Although counsel for Biagio sent his notice of objections on April 2, 2010 and although further correspondence ensued with efforts at settlement, these efforts eventually broke down, culminating with a notice by the estate trustee that he was no longer willing to negotiate and planned to distribute the estate at the end of June, in accordance with the terms of the Judgment. In response, Biagio brought this motion to set aside the Judgment, to grant him leave to file a Notice of Objection, and to prohibit Gino from making a final distribution of estate assets without the consent of Biagio or a judgement passing the accounts.
In his analysis of the relevant legal principles, Justice Brown noted that although Rules 74.18(3) and (7) of the Rules entitle a person who has a contingent or vested interest in an estate to file a notice of objection to accounts, the issue that arises is the fact that Rule 74 does not contain an express provision addressing the ability of a person who has failed to file a notice of objection in a timely fashion to move to set aside an unopposed judgment for passing of accounts. However, Brown J. was of the view that, since Rule 74.18(1) requires a passing of accounts to be brought by way of application, the application falls under Rule 14: Rule 14.05(3), which, in turn, triggers the application of Rule 38.11.[1] Brown J. continued as follows:
In the present case the estate trustee served the required notice of application to pass accounts on Biagio, a person with a contingent or vested interest in his mother's estate, but Biagio failed to file a notice of objection to accounts within the prescribed time leading the estate trustee, quite properly, to seek an unopposed judgment: Rule 74.18(9). These circumstances closely resemble the situation where a defendant is served with a statement of claim, but fails to file a statement of defence within the prescribed time, leading to a noting in default and securing of a default judgment. Accordingly, I think it appropriate to apply on this motion to set aside the judgment under Rule 38.11 the principles developed in the jurisprudence for motions to set aside default judgments.[2]
Referring to the Court of Appeal decisions in Peterbilt of Ontario Inc. v. 1565627 Ontario Ltd. (2007), 87 O.R. (3d) 479 (Ont. C.A.) and HSBC Securities (Canada) Inc. v. Firestar Capital Management Corp., 2008 ONCA 894 (Ont. C.A.), Brown J. affirmed the applicability of the principles espoused by the Court of Appeal in situations where a court is faced with a motion to set aside an unopposed judgment.
Thus, as a result of Brown J.'s decision in Marino v. Marino Estate (Trustee of), an objector who has failed to file their objection in time and seeks to set aside an unopposed judgment on the passing may get a second chance to object, provided they are able to demonstrate the following: (i) that the motion was brought without delay after the objector learned of the default judgment; (ii) that the circumstances giving rise to the default were adequately explained; and (iii) that the objector has an arguable objection on the merits, to permit the court to determine whether the interests of justice favour granting the order. As to this last item, Brown J. noted that: "the court should consider the potential prejudice to the moving party if the motion were dismissed, the potential prejudice to the respondent if the motion were allowed, and the effect of any order on the overall integrity of the administration of justice."[3]
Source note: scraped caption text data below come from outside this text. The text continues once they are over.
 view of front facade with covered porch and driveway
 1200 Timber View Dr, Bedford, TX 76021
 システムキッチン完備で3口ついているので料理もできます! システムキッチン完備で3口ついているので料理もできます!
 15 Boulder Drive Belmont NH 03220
Applied to the facts of the case, Brown J. found that although Biagio's motion to set aside the Judgment was not brought forthwith, given that Biagio's counsel's initial email put the estate trustee on notice that a motion to set aside the Judgment might be brought and expressed a willingness to settle the dispute, Brown J. had no hesitation in concluding that the motion was brought without delay.[4] Justice Brown cited Rule 1.04(1) and the principle that the Rules not be interpreted and applied "in a manner that discourages parties from attempting to resolve their disputes through good faith negotiations before resorting to court."[5]
The Court was satisfied by the affidavit evidence produced by counsel for Biagio that indicated that the failure to file a timely notice of objection to the accounts rested solely on Biagio's counsel's shoulders and not Biagio himself and, as such, the Court found that such constituted an adequate explanation of the circumstances giving rise to the default.
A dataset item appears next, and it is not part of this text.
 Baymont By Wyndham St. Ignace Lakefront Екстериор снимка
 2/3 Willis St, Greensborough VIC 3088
Although a number of the objections raised by Biagio centered on the dealings by Gino while acting as their late mother's attorney for property, including the compensation taken by him during this time, the Court found that Biagio had in fact demonstrated arguable objections to the accounts of Gino, in his capacity as a fiduciary.
In applying the third part of the three-pronged test, Justice Brown found that this was a "close case."[6] The two primary competing factors were the need to ensure that fiduciaries fully account for their management of property, on the one hand, and the failure of the beneficiary to raise his objections in a timely manner which, in turn, causes delay that could adversely impact the other beneficiaries, on the other hand.
In the result, the Court concluded that it should act to ensure that a fiduciary fully accounts for his activities. As Biagio raised arguable objections to Gino's accounts, Justice Brown opined that they should be considered. Consequently, he granted Biagio's motion and set aside the Judgment, on terms.[7] He further held that no further steps should be taken in the application to pass accounts until the parties attended at a mandatory mediation.[8]
Noting that Rule 49 offers had been delivered for the motion, the Court reserved his decision on the issue of costs until he received written submissions from the parties, in accordance with the deadlines he provided therein.
Interestingly, although the Court reserved its decision on costs until written submissions were provided, Biagio was ordered "to pay all the mediator's costs."[9]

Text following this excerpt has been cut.